Whilst we have been exploring aspects of sustainable Agroecology for a number of years, it took awhile to gain traction and understand how to engage at scale.

Arbuscular Micorrhizal Fungi on a wheat root

There are many nuanced areas, one that has captured my particular attention, like many farmers, is how to harness the incredible potential of Arbuscular Micorrhizal Fungi.

Looking at the roots with my microscope, however, it became clear that whilst my wilder ground, margins and hedgerows were looking well populated with AMF, the ‘productive’ ground was less so. This wasn’t really a surprise in the early stages of my regenerative transition, as we now know conventional management practices and inputs are pretty hard on fungi, and conventional wisdom suggested that with sensitive management, populations would recover. Monitoring the ground however it became clear that natural repopulation was going to be hard indeed.

Again, modern conventional wisdom would suggest that one can just buy one’s self out of the problem by applying one of the many ‘biological products’ available on the market. … Observation again shows, at least in light ground like mine, that it’s not quite that easy. Effects can be localised, short lived and nuanced. The thing that has become clear is that when we are dealing with ‘biology’ we are dealing with living things….. with life! Like larger organisms (for example dogs, cats and even children) we need to look after our microbes if they are to survive and deliver effect. We also need to be aware that they might respond differently to different contexts, conditions and environments and deliver unexpected effects.

This may be a challenge if we are still wanting to deploy simple tools out of a bag or bottle, but if we can change the way we look at the problem (the cliched paradigm shift) it becomes a stunning opportunity! In short, I’m finding that we must embrace complexity if we are to harness it! After all, it is complexity and diversity which have driven the evolution of the incredible global ecosystem of which we are all so privileged to be both part and product.

I acknowledge that this approach raises some exciting challenges for all of us. Whether we are farmers, scientists, consumers, regulators or educators, it can be uncomfortable dealing with complexity, especially when we have become used to living with artificial systems that seek to impose predictability and order on the way we live. Whilst I’m the first to acknowledge that many of these frameworks are incredibly important in society, the lens of history shows that they will eventually fail to be effective if they are unable deal with complexity. This is is why a competent exception management system is such a critical part of any effective governance legislative or management framework.

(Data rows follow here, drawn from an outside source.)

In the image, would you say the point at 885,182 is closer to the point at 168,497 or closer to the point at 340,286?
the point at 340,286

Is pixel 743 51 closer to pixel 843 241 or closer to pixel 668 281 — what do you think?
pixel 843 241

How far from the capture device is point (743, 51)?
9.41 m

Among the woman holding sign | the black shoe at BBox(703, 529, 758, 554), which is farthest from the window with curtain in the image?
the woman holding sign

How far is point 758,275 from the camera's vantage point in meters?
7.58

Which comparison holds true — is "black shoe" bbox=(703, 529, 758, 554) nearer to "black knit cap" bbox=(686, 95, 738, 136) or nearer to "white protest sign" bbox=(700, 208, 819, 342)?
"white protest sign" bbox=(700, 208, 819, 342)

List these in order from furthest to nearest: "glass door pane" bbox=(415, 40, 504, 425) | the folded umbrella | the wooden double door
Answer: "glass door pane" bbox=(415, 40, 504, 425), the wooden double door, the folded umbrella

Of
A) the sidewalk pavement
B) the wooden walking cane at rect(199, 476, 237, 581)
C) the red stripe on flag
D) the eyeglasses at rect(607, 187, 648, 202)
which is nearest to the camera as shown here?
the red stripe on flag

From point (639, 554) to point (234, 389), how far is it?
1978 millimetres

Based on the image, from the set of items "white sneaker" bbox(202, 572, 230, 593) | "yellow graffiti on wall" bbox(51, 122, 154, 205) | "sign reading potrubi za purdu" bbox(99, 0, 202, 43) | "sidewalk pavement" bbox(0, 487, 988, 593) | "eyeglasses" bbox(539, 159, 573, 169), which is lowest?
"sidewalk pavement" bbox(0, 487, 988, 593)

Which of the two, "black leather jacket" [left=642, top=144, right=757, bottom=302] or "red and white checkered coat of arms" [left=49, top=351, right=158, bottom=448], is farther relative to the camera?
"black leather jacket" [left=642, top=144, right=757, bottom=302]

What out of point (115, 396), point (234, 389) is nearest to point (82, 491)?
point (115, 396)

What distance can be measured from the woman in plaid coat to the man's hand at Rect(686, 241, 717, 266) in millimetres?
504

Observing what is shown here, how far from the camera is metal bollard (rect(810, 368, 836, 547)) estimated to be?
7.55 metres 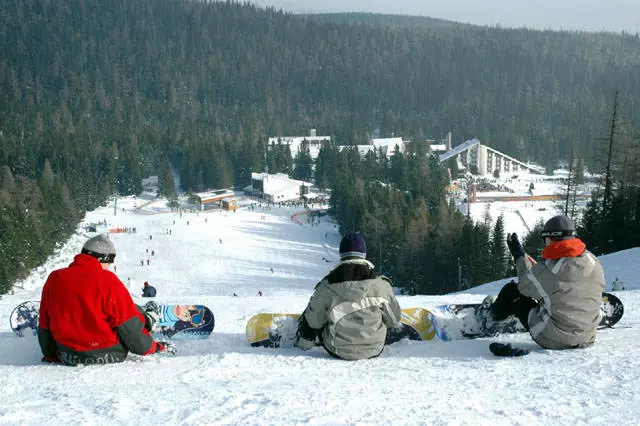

Ironically, as humans, we have evolved an incredible tool between our ears for the management of complexity. Whilst we frequently use our brains to create the illusion that we are able to simplify complexity, if we enable them, our brains have evolved to enable us manage it. One might even suggest that after three and a half billion years of development this should not really be a surprise!

So, back to my patchy AMF! Having spent some time thinking through my challenge from the perspective of the microbes and actually watching how they respond to what I am doing, I am coming to some conclusions (actually these, of course, are technically a mix of observations and hypotheses as they haven’t been ‘proven’ … but you follow my drift!)

  • The conventional management practices we had been using were interfering with the AMF populations. This is visibly less pronounced in the uncultivated margins rather than the fields.
  • Natural Repopulation of AMF is taking longer than originally expected. Having done a bit of reading, this is possibly less surprising; AMF reproductive bodies form under the surface of the soil… so are less likely to just “blow in” especially since I am now trying hard to maintain ground cover to prevent erosion!
  • It seems that the historical methods we had been using to terminate host crops have not been enabling the AMF to sporulate (form spores) effectively before they too expired… thus breaking the AMF Cycle.
  • The effectiveness and impact of most of the biological inputs we apply is dependent on a complex combination of how, where and under what conditions they are applied.

Whilst these observations and hypotheses are just that, they are supported by enough logic and relevant literature for me to adjust my management approach on the ground. At a practical level:

  • We are thinking of our biology as livestock and biological indicators rather than as mere inputs. We keep an eye on them and respond to observed issues on (in) the ground in the same way we manage livestock.
  • We seek to optimise conditions for any biology using a wide of tools including grazing strategies, seed mixes, mindful cultivation driven by observation.
  • Any observations that might warrant further detailed scientific investigation are noted and discussed with appropriate experts, on occasions, these have triggered formal research projects.
  • Given the short but varied timeframe of many microbial lifecycles, on farm observations provide the tactical insights required to support many of our operational decision cycles. They may also provide insight into areas that would warrant further examination.

In summary, we have a simple information framework where we conduct the ‘quick and dirty’ observation, experimentation and adjustments that drive daily activities and enable operational decision making but try to capture any issues warranting further examination for the relevant specialists.

There are great opportunities associated with harnessing naturally complex systems, by adopting a simple observation based approach this doesn’t need to be difficult or complicated on the ground.

When I step back and view Mindrum as an agroecosystem, I see a complex web of interconnected and often interdependent organisms. It’s easy to forget that we are a part of it. Everything we do, don’t do, or fail to do can have an impact. We can choose how we interact with it, but if we don’t, it will continue on without us.

This is a conversation I want to be part of!